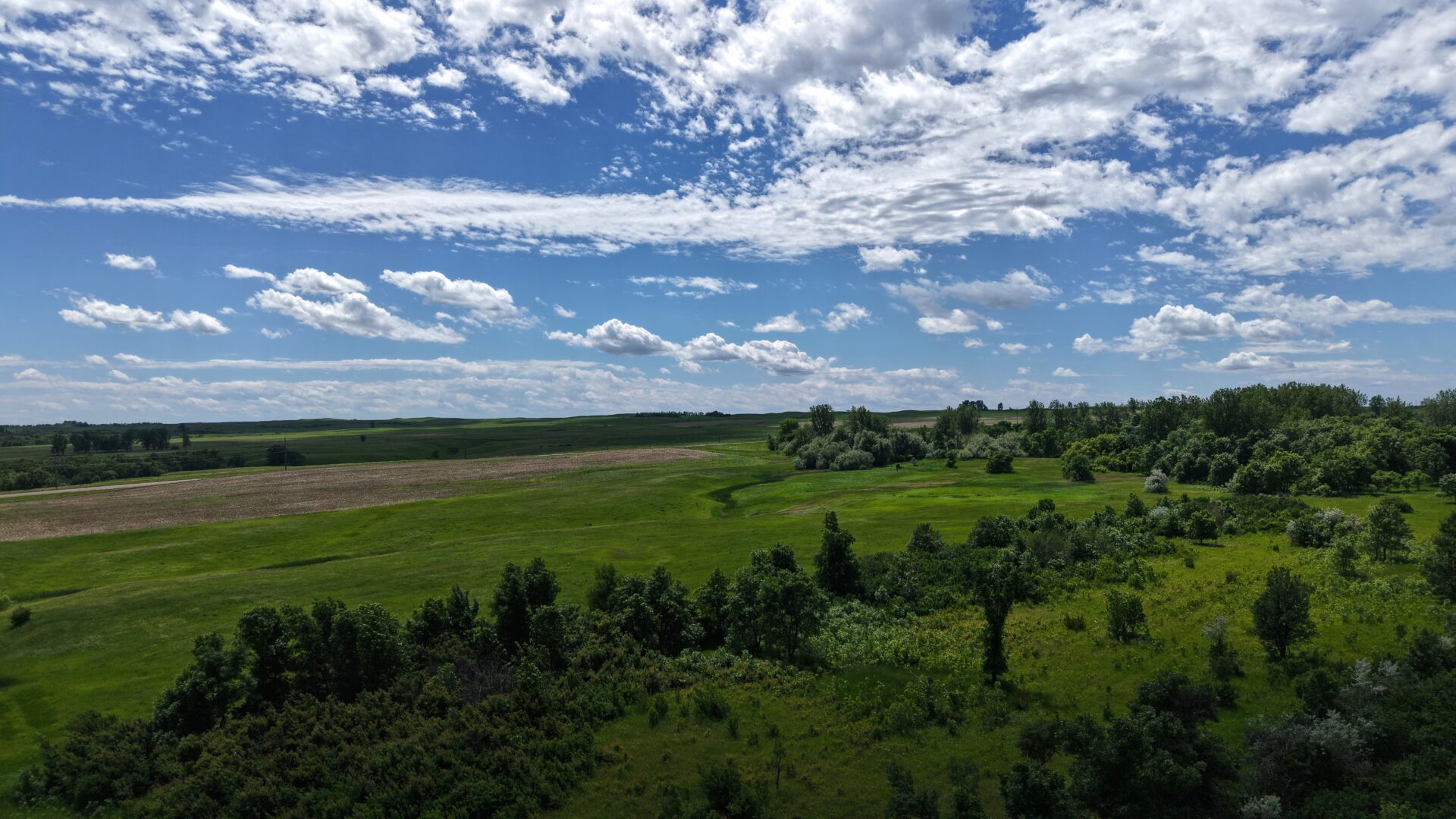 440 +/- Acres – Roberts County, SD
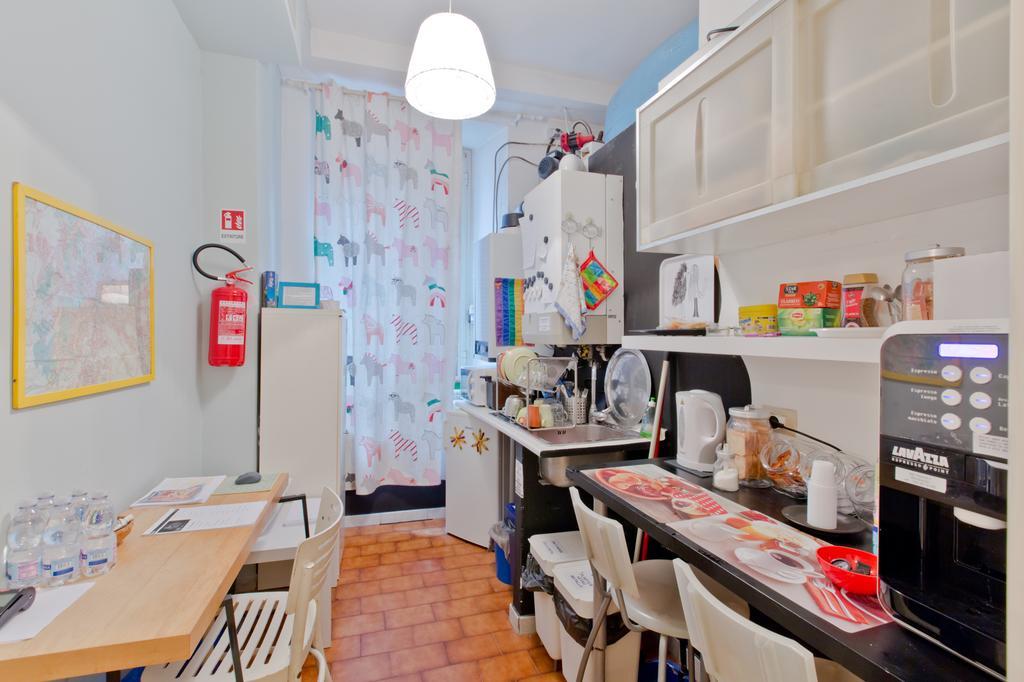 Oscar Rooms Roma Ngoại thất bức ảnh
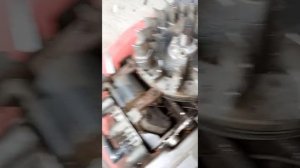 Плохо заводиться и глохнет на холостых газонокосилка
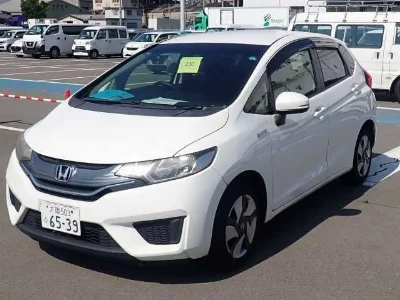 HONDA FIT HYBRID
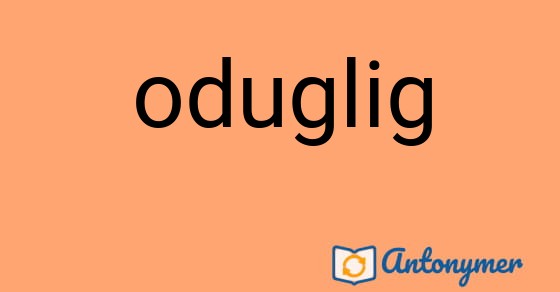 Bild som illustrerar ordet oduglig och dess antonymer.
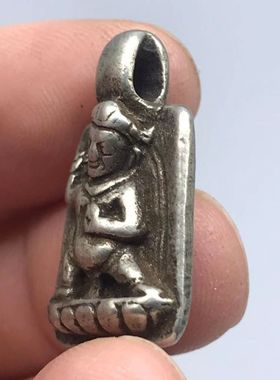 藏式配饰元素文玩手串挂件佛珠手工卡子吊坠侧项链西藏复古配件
● ● ● ● ● ● ●
__What needs to be done__. Your answer must be exactly the lines from the one containing "HONDA FIT HYBRID" through the last line of the records above, both included, with every picture left out.

__Task result__.
 HONDA FIT HYBRID
 Bild som illustrerar ordet oduglig och dess antonymer.
 藏式配饰元素文玩手串挂件佛珠手工卡子吊坠侧项链西藏复古配件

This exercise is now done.